Орлеан - Муакс Ян. Страница 13
Я взял напрокат маленький телескоп, раскинул у нас в садике палатку и провел там несколько ночей, наблюдая за звездной россыпью, припорошенной пылью городского освещения. Какое право они имели освещать небо? Это было святотатство. Благодаря этим ночным бдениям я даже стал терпимее к математике. Я твердил себе, что без помощи уравнений, функций и векторных пространств никогда не смогу ориентироваться в галактиках.
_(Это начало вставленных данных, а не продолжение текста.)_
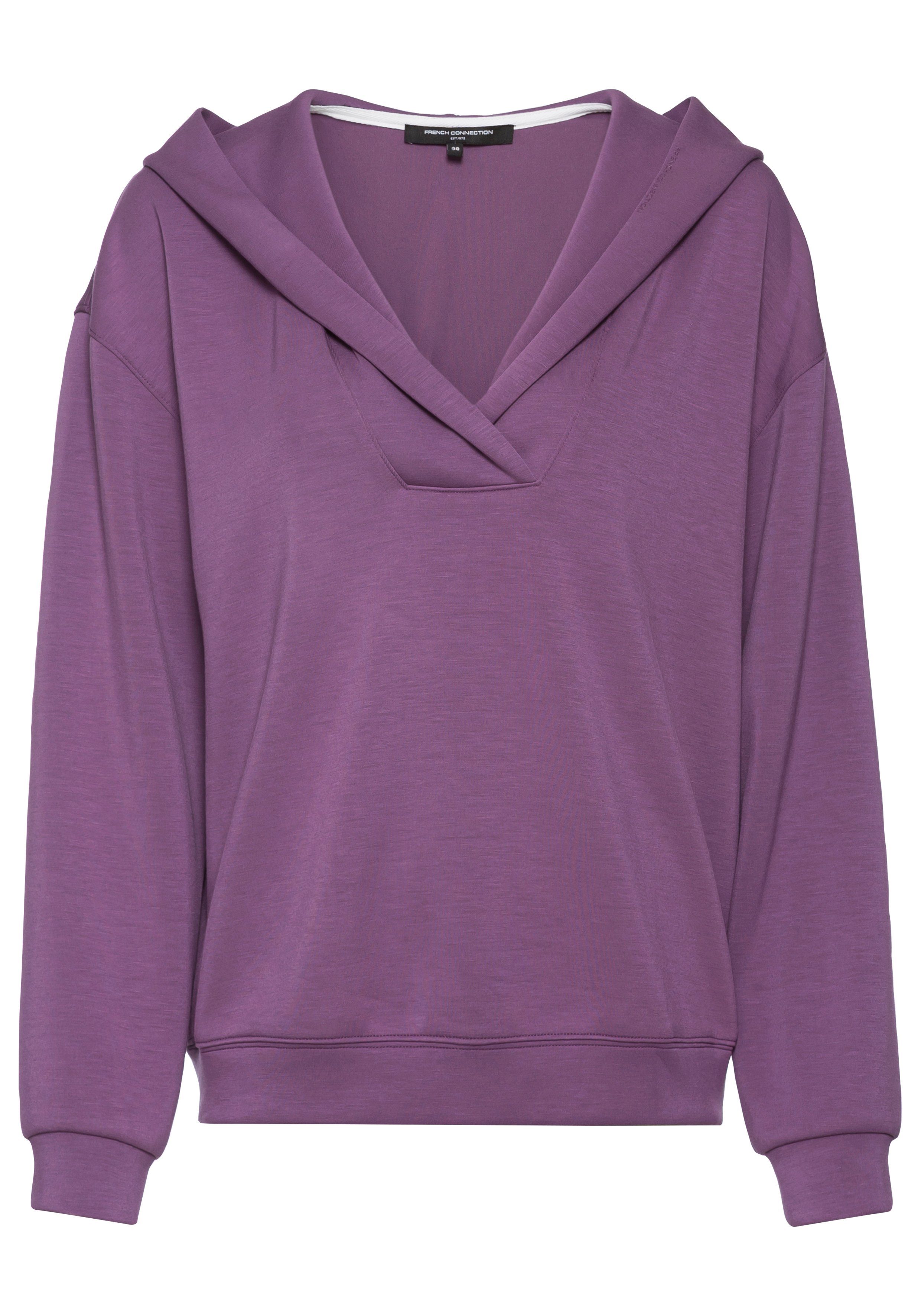French Connection Hoodie met v-hals en brede kraag, loungewear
Фред Хойл, Ричард Фейнман, Жан-Клод Пекер, Эври Шацман — каждый из них в свое время был выдающимся математиком; значит, и мне предстоит проделать тот же путь.
Интерес к точным наукам тем не менее не помешал мне вступить в ряды новообращенных почитателей религии Сартра; после Жида, после Пеги — первых из испытанных мной великих потрясений — я погрузился в чтение романов и новелл Кафки и Камю. Пройдет еще несколько лет, прежде чем Кафка окончательно подчинит меня себе; что касается Камю, то я прочитал «Постороннего», «Чуму» и все его театральные пьесы (в потрепанном томике «Плеяд»), но даже ему не удалось взорвать мой мозг так, как это сделал «Пулу»[2]. С тех пор я никогда не расставался с Пулу.
Начиная с десятого класса я пропутешествовал по всем странам этого необъятного континента. Отправной точкой стала для меня «Тошнота» — на мой взгляд, великая книга для юношества. Это больше, чем замаскированное под роман эссе о роли случайности, больше, чем яркая иллюстрация философских воззрений молодого Сартра, — на самом деле это второй том «Слов», хоть и написанный на двадцать пять лет раньше первого. «Слова» посвящены детству, ранним подземным толчкам, что являются предвестием будущего головокружительного призвания; «Тошнота» рассказывает о прощании с детством, об отвращении перед взрослой жизнью, поджидающей тебя за порогом, — готовенькой, уже прожитой другими, вечно повторяющейся, с ее неизбежными произвольными правилами, с гротескной серьезностью, с обязательным позерством, с абсурдными знакомствами и напрасно потраченным временем. «Тошнота» описывает процесс шаткого вступления в реальный мир. Нас выворачивает наизнанку при виде агрессивно наступающего уродства тех вещей, которые детство своей волшебной силой накрывало пеленой очарования: мы теряем устойчивость, потому что лишаемся детской способности видеть природу и город, будущее и людей. Все сущее внезапно перестает быть тем, чем было изначально; мы переживаем метаморфозу. Нас никто не предупредил, что мир в основном повернут к пустоте и смерти. Того, кто не находит в нем себе места, он постоянно отбрасывает прочь; остальные притворяются, что приносят пользу, лишь бы не исчезнуть. Остается последняя возможность — писать. Не ради того, чтобы сделать мир мягче, а ради того, чтобы жить полной жизнью. Ради экзистенции — то есть собственного существования.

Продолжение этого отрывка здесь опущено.